Unread postby Paulo1 » Fri 27 Feb 2015, 15:01:30

Man, I don't know how simplified it is Dennis? I have capable math skills and it seems like wading to me, simply because I am a language guy and best communicate and understand concepts that way.

Visuals of past discoveries, overlaid with known URR, trends in modeling, drilling changes, and current useage as well as forcasted use paints a more understandable picture for me than substituting numbers into equations. (For example.....P2=P1+n-e where....)

While I have a somewhat technical background, that model simply doesn't 'speak' to me and I don't want it to if I were to be honest about it.

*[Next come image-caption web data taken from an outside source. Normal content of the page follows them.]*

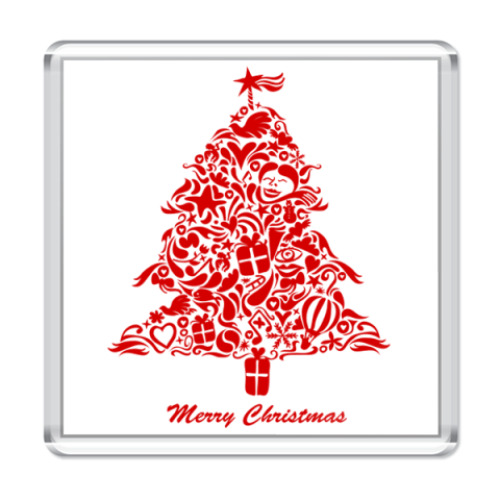 Магнит с принтом Елка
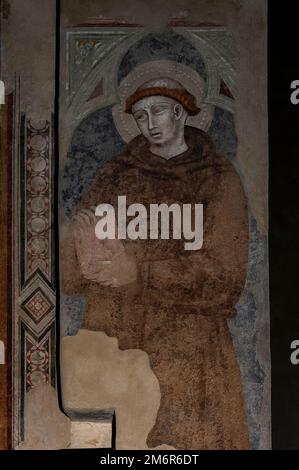 Saint François d'Assise, tonsured et portant l'habitude franciscaine de laine brune : Fresque, sur la face intérieure de l'arche nef, dans la vie de St François cycle peint vers 1380 par les artistes de l'école Sienese Cristoforo di Bindoccio et Meo di Piero dans la Chiesa di San Francesco ou l'église de St François à Pienza, Val d'Orcia, Toscane, Italie. Banque D'Images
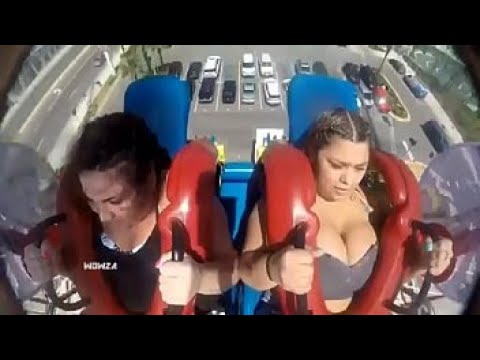 boobs pop out on sling shot ride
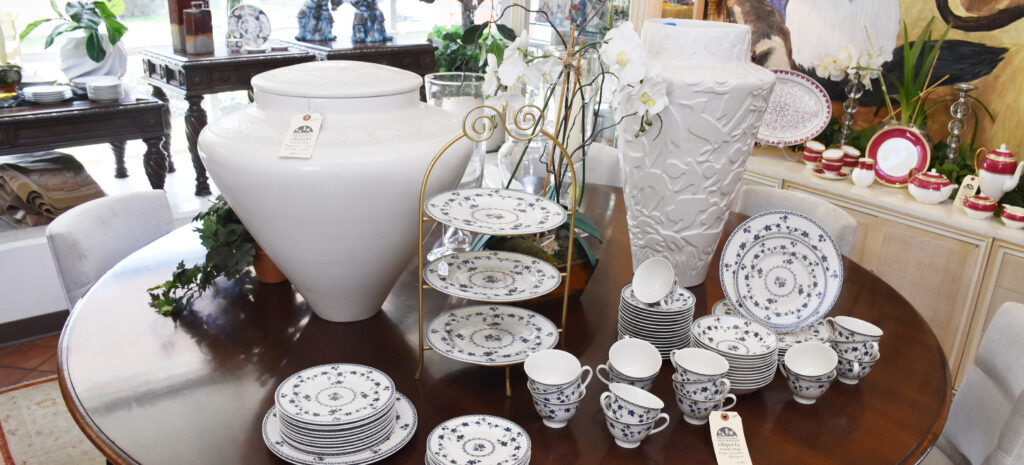 A tabletop covered in glassware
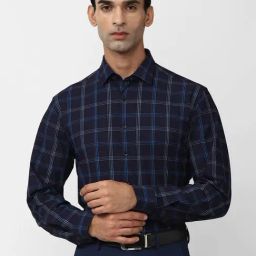 Van Heusen Navy Slim Fit Checks Shirt-image-88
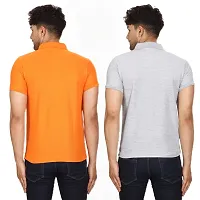 SMAN Men's Polo T-Shirt Regular Fit Polyester Half Sleeve Multicolour with Orange Without Pocket Combo Pack of 2 (Orange  Grey, 2XL)-thumb1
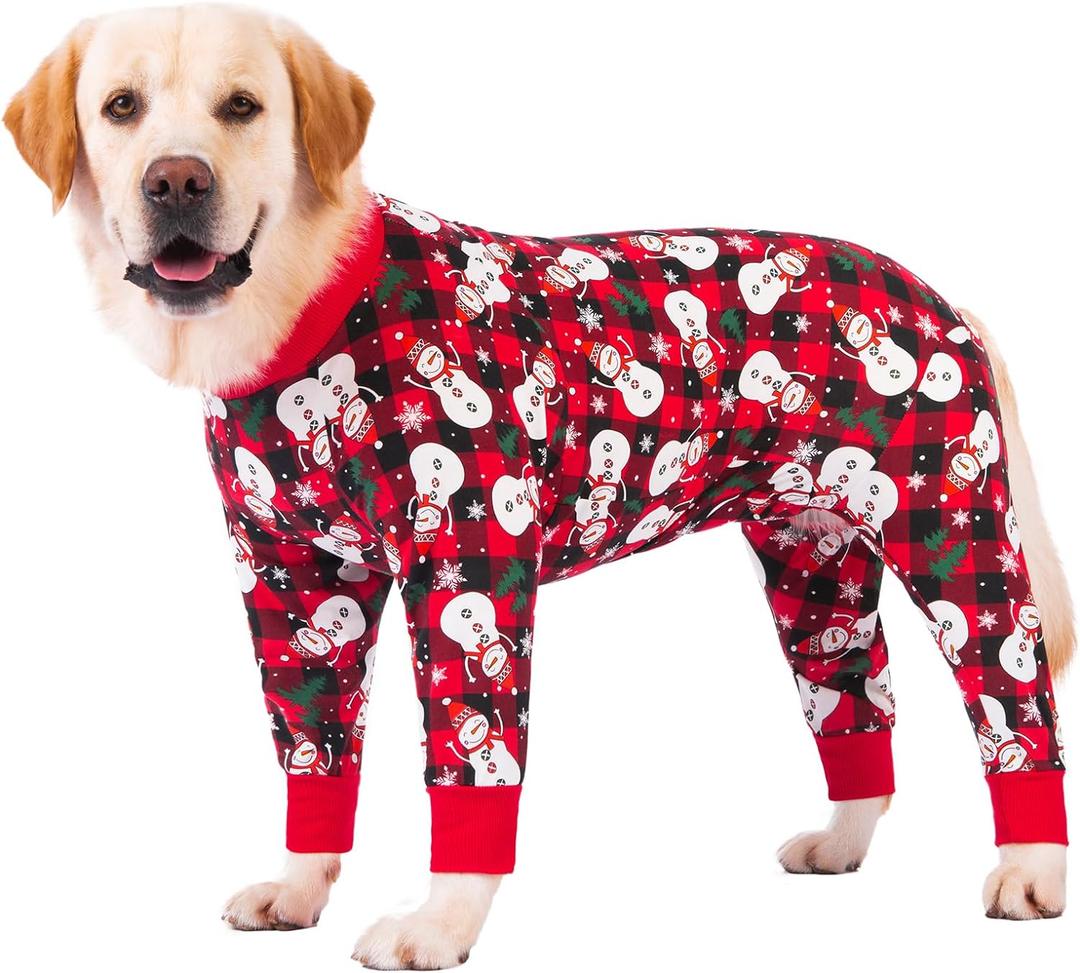 Dog Recovery Suit After Surgery Female Male, Medium Large Dog Neuter Shirt Cone Alternatives Prevent Licking Surgical Onesies (Xmas Snowman, XL)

For me, the story of oil is a story about people and how we live. It is fascinating to imagine it coursing through our veins as it has influenced every aspect of our energy demanding lives. As the soon to be realized declines sets in, the narrative will continue to leap off the page in every way imaginable and in some ways we will not or cannot accept. There will be vast migrations, unending climate change, many losers, and a few winners. Unforseen events, (geo-political events), such is happening in Libya and Nigeria right now, or just about everywhere oil is produced, may absolutely shake production to its very core. Really, one Israli bombing raid on Iran will pretty well plunge us into immediate upheaval.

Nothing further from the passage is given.